This is the Selbst & Barocas (2018) substance check. Without recourse, the rest of XAI is theatre. Verdict: pass (all five sub-checks pass), partial (path exists but missing SLA or logging), fail (no path or path loops).

Postflight: Verify-After-Write (write-narration-verification discipline)

Hard rule (per CLAUDE.md Communication Rules, anti-pattern #7 Stage 2 graduation — v0.39.18). Before the user-facing summary claims "✅ updated services.yml :: xai.*" / "✅ refreshed Stage 3 fidelity" / similar, verify the write actually changed the targeted fields below — not just _meta.last_validated. Use the Read tool on services.yml after the edits to confirm xai.tier / xai.surfaces.* / xai.recourse.* / xai.fidelity.* / xai.system_card.* / xai.remediation_history hold the new values. If only _meta or last_assessed_at changed and value fields stayed stale, the narration is a state-claim on a state the skill did not achieve (parallel to AP#7 instance #18 worked failure, 2026-06-05). Validator Check 42 enforces preamble presence.

Output

Write to services.yml per service:

services:
  - id: svc-001
    name: "<service name>"
    xai:
      tier: limited
      last_assessed_at: "2026-05-04T12:00:00Z"
      surfaces:
        end_user:
          output: pass
          why: pass
          why_not: partial
          how_to_be_that: fail
          input: pass
        deployer_developer:
          output: pass
          # ...
      recourse:
        path_exists: true
        max_clicks_to_human: 4
        sla_documented: false
        logs_contestation: true
        verdict: partial
      fidelity:
        samples_audited: 10
        blind_prediction_accuracy: 0.65
        verdict: partial
        last_audited_at: "2026-05-04T12:00:00Z"
      system_card:
        path: "docs/ai-system-card.md"
        sections_present: [identity, intended_use, model_details, contact]
        sections_missing: [performance_and_limitations, explainability, recourse, privacy]
        verdict: fail
      validated_functionally: [stage_1_tier, stage_4_system_card, stage_5_recourse]
      needs_user_testing:
        - "stage_2 surfaces — answerable-when-needed verified by static review only"
        - "stage_3 fidelity — sample size 10 limits population-level claim"
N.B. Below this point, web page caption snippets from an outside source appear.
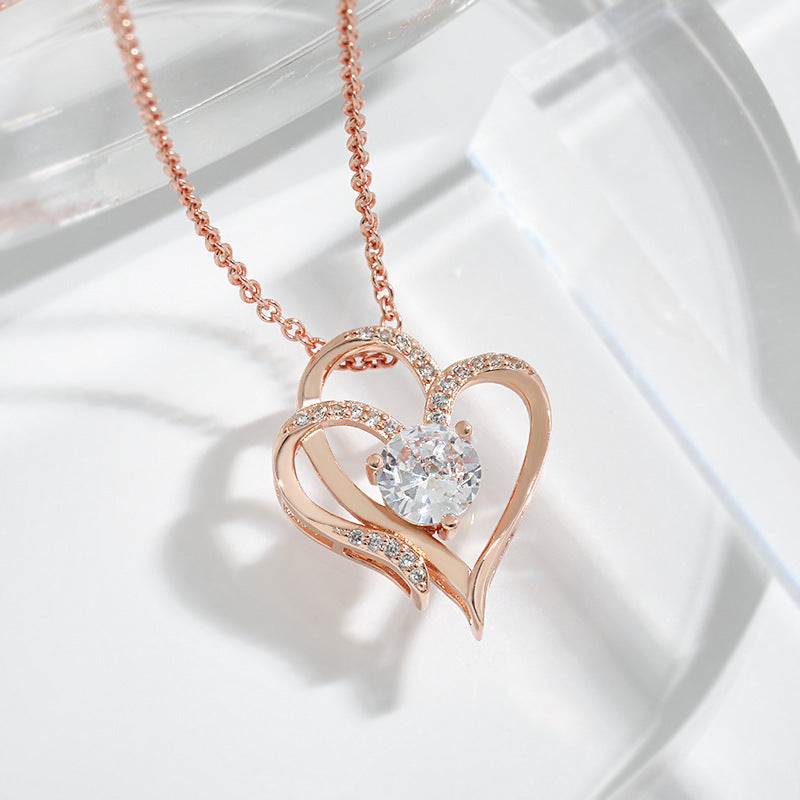 Double Heart Zircon Necklace – Rose & White Gold | AdoraVive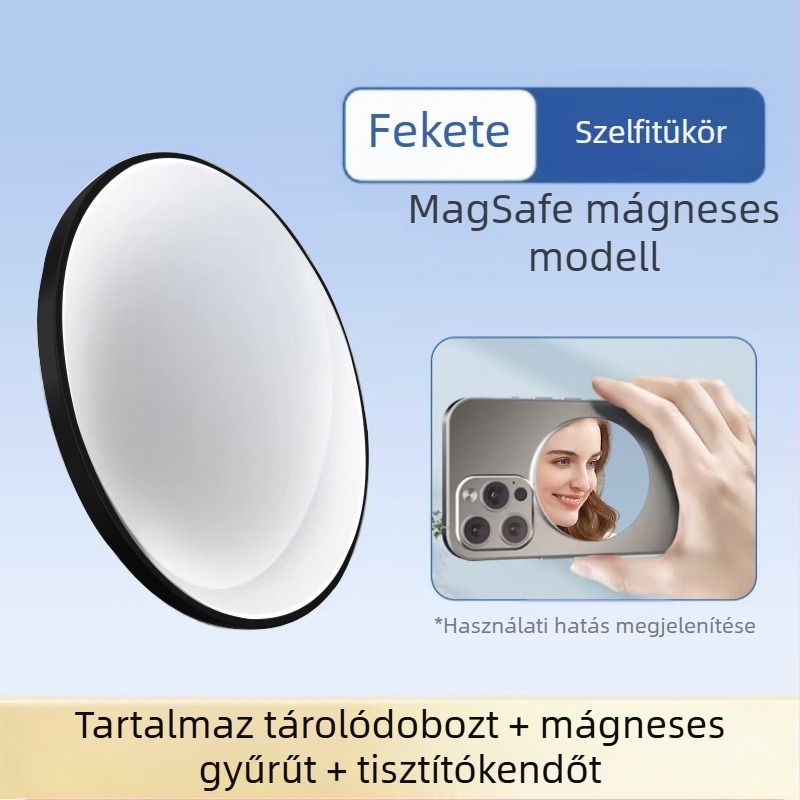 Alumíniumötvözetből készült MagSafe mágneses abszorpciós mobiltelefon hátsó önfényképező tükör Vlog élő HD domború sminktükör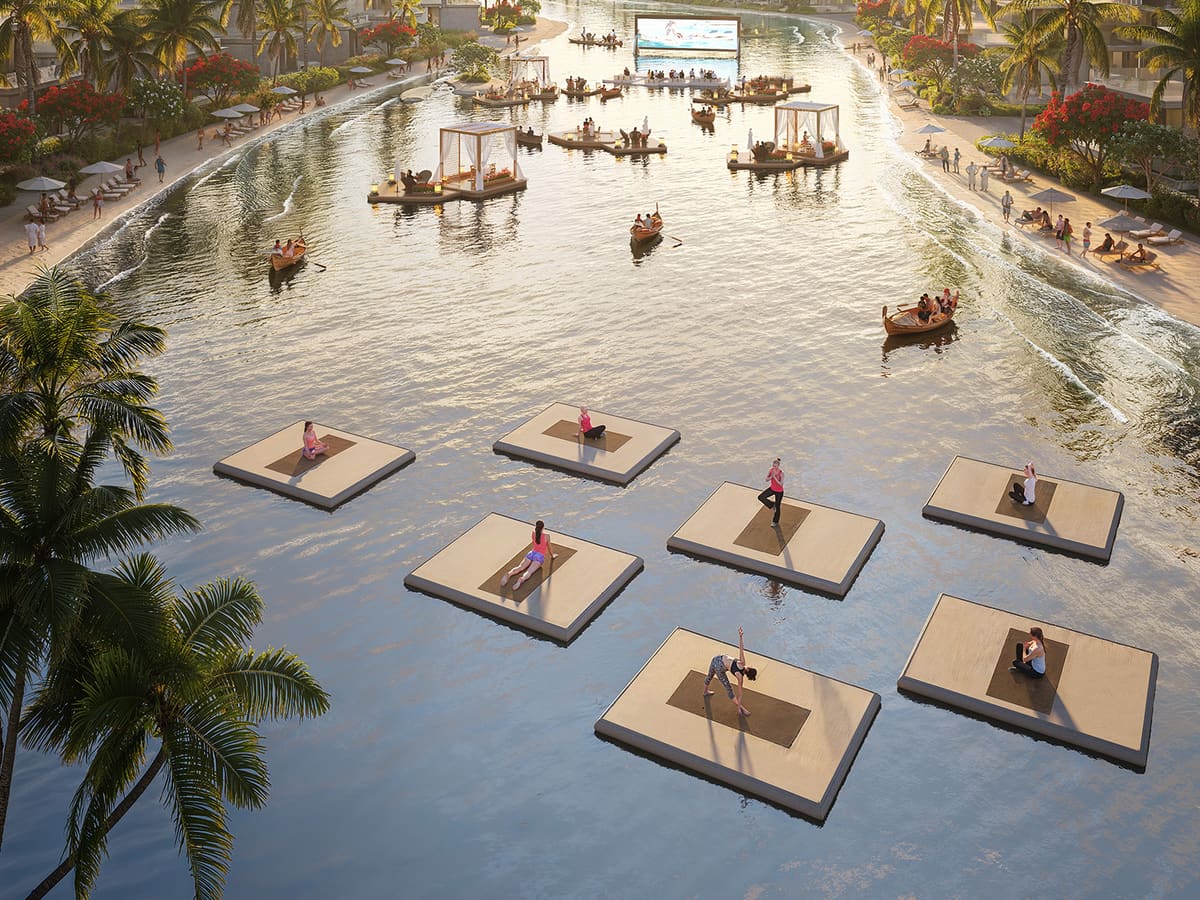DAMAC Islands, floating decks on the lagoon at dusk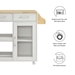 Culinary Kitchen Cart With Spice Rack - White Natural - MOD10756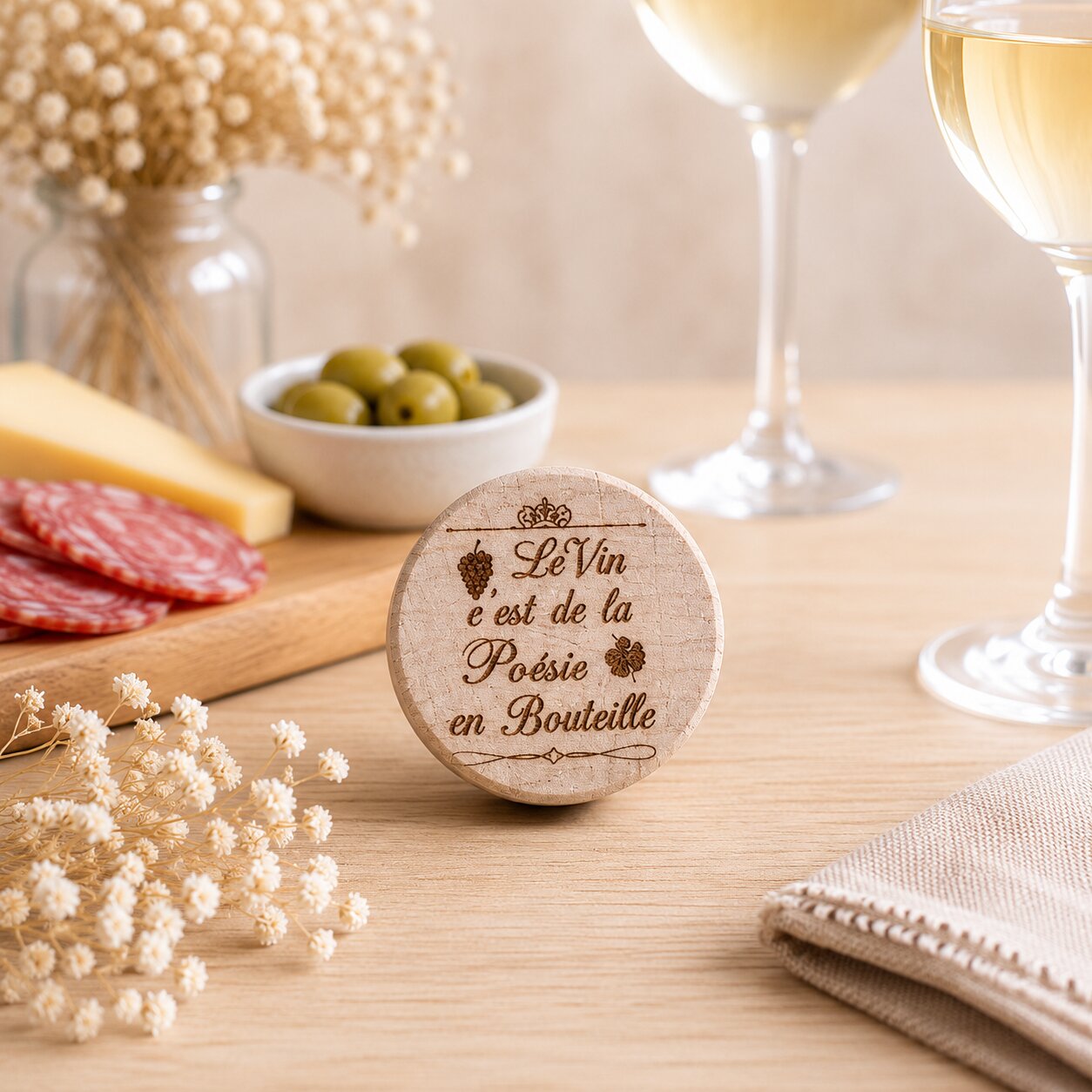 Bouchon "le vin..." — bouchons de bouteille — création artisanale Scrapnwood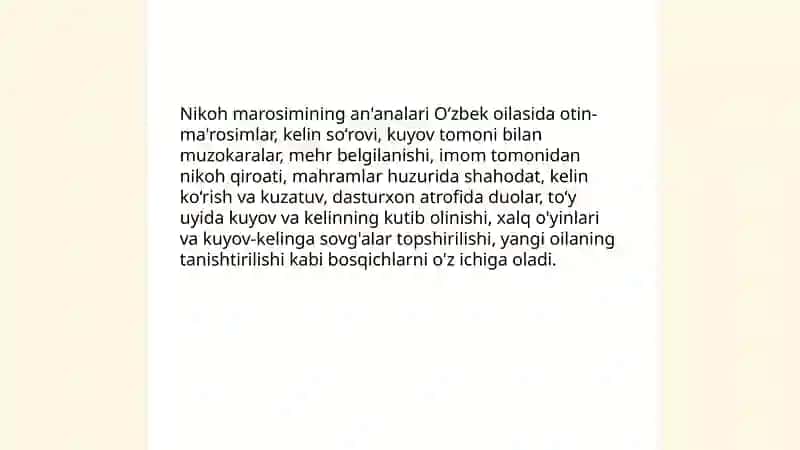 Nikoh marosimining an'analari 3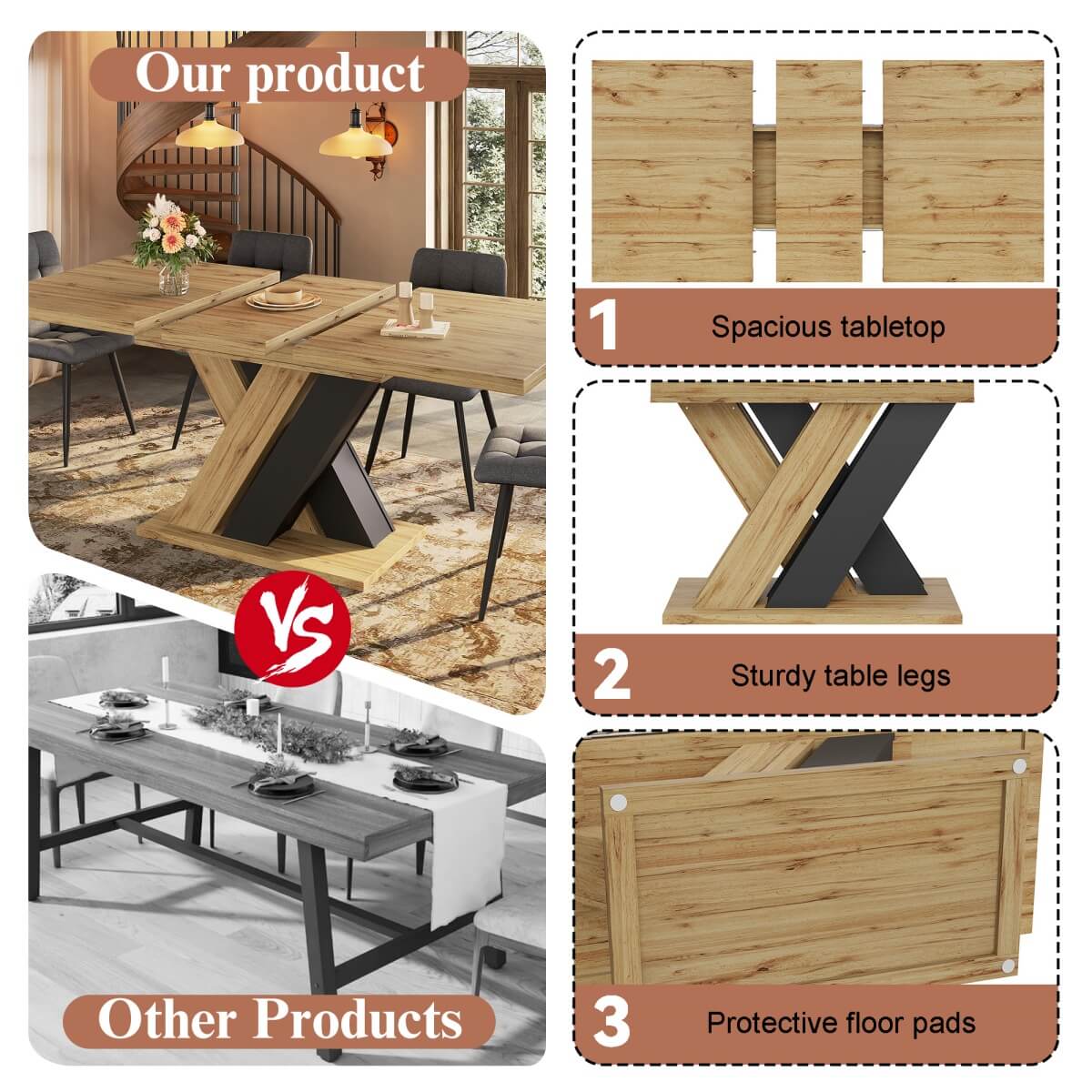 Extendable Wood-Coloured Dining Table with X-Shaped Legs – Telescopic Kitchen & Living Room Table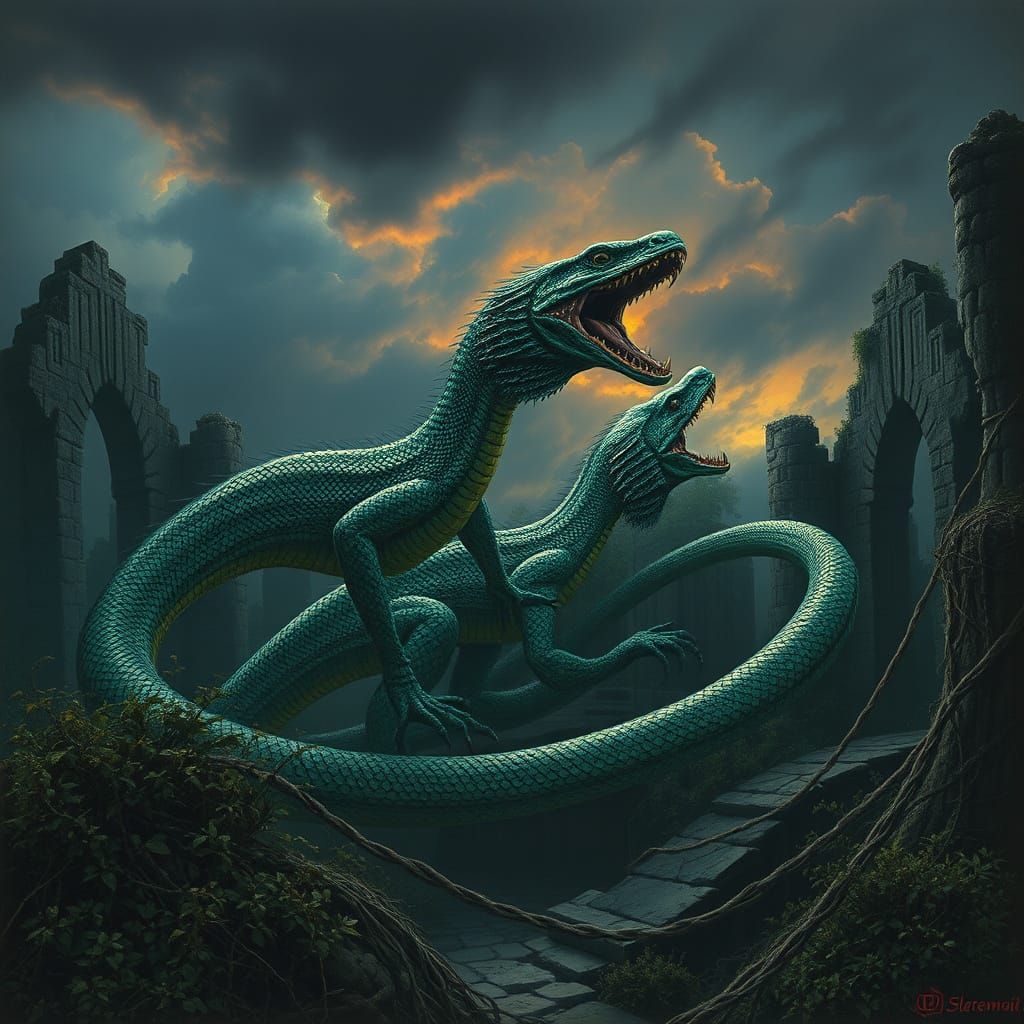 Menacing Basilisks Coil in Stormy Ruins: Dark Fantasy Art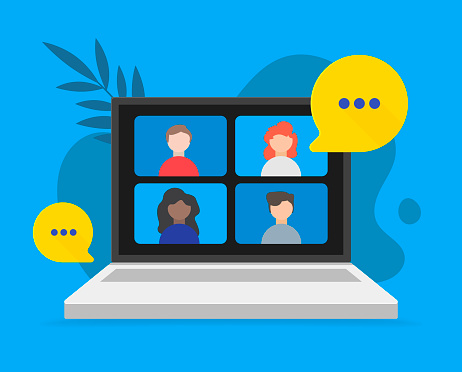 Video teleconference and remote online meeting concept. Vector flat person illustration. Group of people avatar on laptop computer screen. Design for banner, web, infographic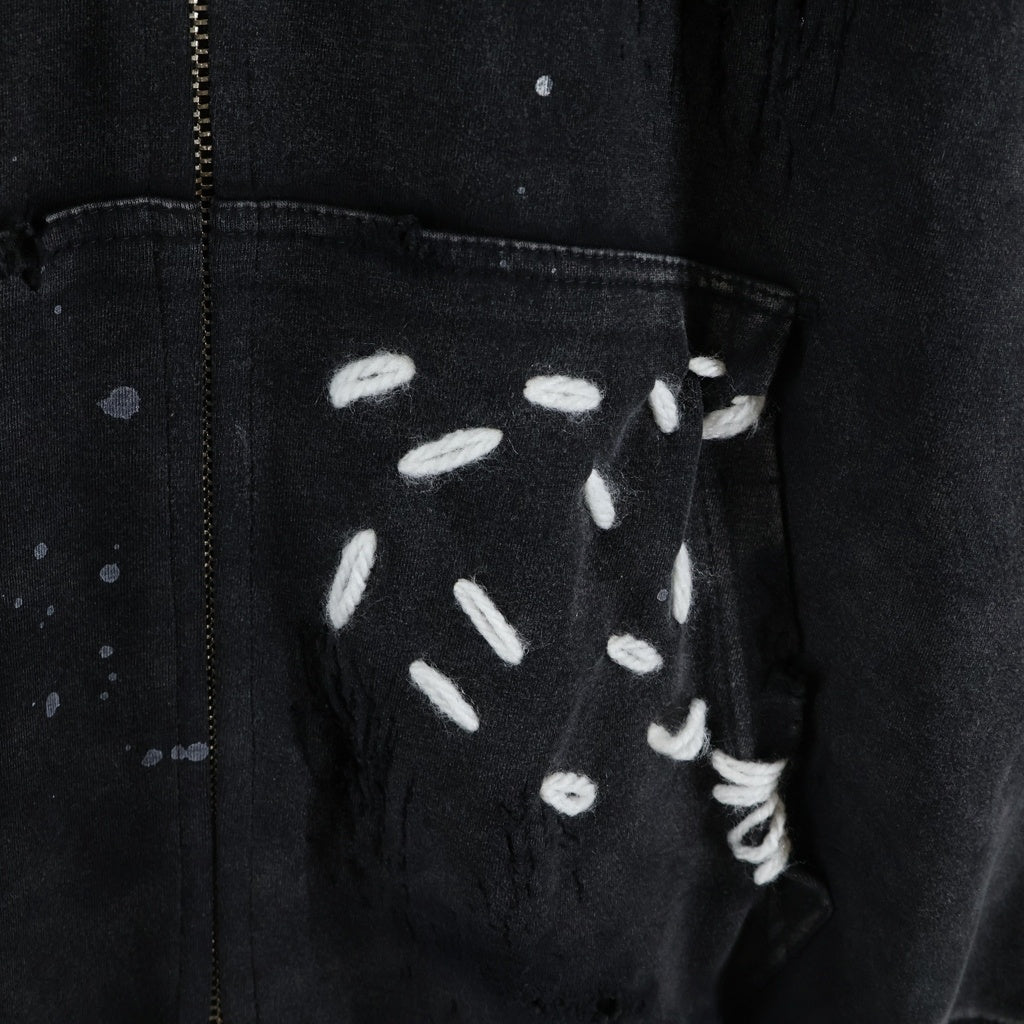 NO BRAND(ノーブランド) VANDAL FAITHLESS ORDER ヴァンダルフェイスレスオーダー ダメージ加工 ジップアップパーカー フーディー ブラック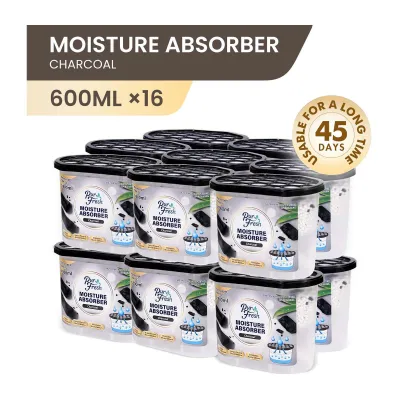 [ Bundle of 16 ] Purfresh Moisture Absorber 600ML-Activated Charcoal x 16 Boxes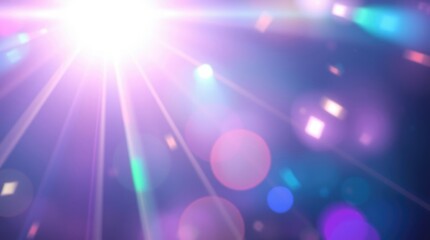 Abstract light burst with glowing lens flares and bokeh effect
Idempotency: re-runs overwrite the xai block in place; do not append. Preserves git diff readability across periodic re-audits.

Display to user

After writing canvas, present a remediation list ranked by stakeholder impact:

XAI check — <service name> — tier: limited

Findings:
  ✓ Stage 1 (tier classification) — pass (provisional, /mycelium:regulatory-review not run)
  △ Stage 2 (matrix) — 2 cells fail: end_user.how_to_be_that, end_user.why_not
  △ Stage 3 (fidelity) — partial (0.65 — 5 of 10 sampled rationales did not predict the output)
  ✗ Stage 4 (system card) — fail (4 of 8 required sections missing)
  △ Stage 5 (recourse) — partial (path exists but no SLA documented)

Remediation (ranked):
  1. [end_user] Stage 4 — publish missing system card sections (explainability, recourse, performance, privacy)
  2. [end_user] Stage 5 — document the SLA for contestation responses
  3. [end_user] Stage 2 — surface contrastive (why_not) explanation in the UI
  4. [all] Stage 3 — investigate why fidelity is below threshold; consider tightening prompt or removing rationale surface

Validated functionally: stages 1, 4, 5 (static review).
Needs user testing: stages 2 (answerable-when-needed in real flows), 3 (population-level fidelity).

Run /mycelium:regulatory-review to confirm the tier is canonical, then re-run /mycelium:xai-check after remediation.

Composition with other gates / skills

Upstream: /mycelium:regulatory-review is canonical for tier classification; this skill consumes its output. G-S7 (disclose AI) and G-S8 (assess AI Act) are intent guardrails that this skill operationalizes.
Sibling: /mycelium:security-review covers OWASP. Phase 2.3 will add explanation-attack threats to threat-model.yml — until then, explanation-layer threats are flagged in this skill's output but not enumerated structurally.
Downstream: /mycelium:definition-of-done (AI-aware DoD, Phase 2.2) consumes Gate 13 verdicts.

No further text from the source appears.